The Course Project for Getting and Cleaning Data class involves the "Human Activity Recognition Using Smartphones Dataset". The "run_analysis.R" file in this repo downloads the data if necessary, and performs a series of operations on it, in order to produce a tidy data set.
The source file is located here: https://d396qusza40orc.cloudfront.net/getdata%2Fprojectfiles%2FUCI%20HAR%20Dataset.zip
In R, source the run_analysis.R file and then invoke the go() function. The zip file will be downloaded, data files extracted, and then the appropriate tables will be read and manipulated. The output of go is an object with the tidy data set. (This script was created on OS X. If you encounter errors with running the script, try downloading and extracting the zip manually into the working directory instead.)
- Check for the presence of "UCI HAR Dataset" in working directory.
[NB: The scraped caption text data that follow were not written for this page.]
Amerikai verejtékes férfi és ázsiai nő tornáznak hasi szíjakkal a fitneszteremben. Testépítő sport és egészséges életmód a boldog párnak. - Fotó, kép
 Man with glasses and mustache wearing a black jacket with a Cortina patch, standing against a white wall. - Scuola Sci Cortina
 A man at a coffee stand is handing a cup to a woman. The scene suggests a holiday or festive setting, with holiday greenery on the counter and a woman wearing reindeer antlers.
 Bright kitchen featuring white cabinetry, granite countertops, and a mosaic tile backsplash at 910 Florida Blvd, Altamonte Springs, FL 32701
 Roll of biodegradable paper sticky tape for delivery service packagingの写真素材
If absent, download the file and unzip it, so that directory is created containing the appropriate files.
- Read test data in the fixed-width file X_test.txt and apply column labels from the features.txt file.
- Select only the column names which contain the text "mean" or "std" since we are only interested in mean and standard deviation values. (As specified in step 2 in the course project instructions.)
- Read in the activity column from y_test.txt and the subject column from subject_txt.txt
- Join the activity, subject, and "mean" and "std" columns into one big table containing all of the test observations for the columns we care about.
- Rename the columns to be more R-friendly by removing dashes and parenthesis. Convert "t" prefix to "time" and "f" prefix to "freq" in order to make labels more readable. (As specified in step 4 in the course project instructions.) NOTE: The instructor expresses a preference for variable names without dots, dashes, or other punctuation, and all lower case. However, the lower case is more of an "if possible" than a requiement- given the length of these variable names, I decided to preserve the capitalization for readability.
- Repeat steps 2-6 for the train data.
- Merge the test and train data. (As specified in step 1 in the course project instructions.)
- The "activity" column consists of numbers 1-6. Replace those with meaningful values like "Walking" and "Standing". (As specified in step 3 in the course project instructions.)
- Calculate mean values for all the columns, grouped by subject and activity, in order to create a new, tidy data set.
- This step is commented out, because it's not explicitly called for in the directions - output a CSV file containing the tidy data set.
More details on the data contained in the tidy output is contained in the codebook.txt file also in this repo.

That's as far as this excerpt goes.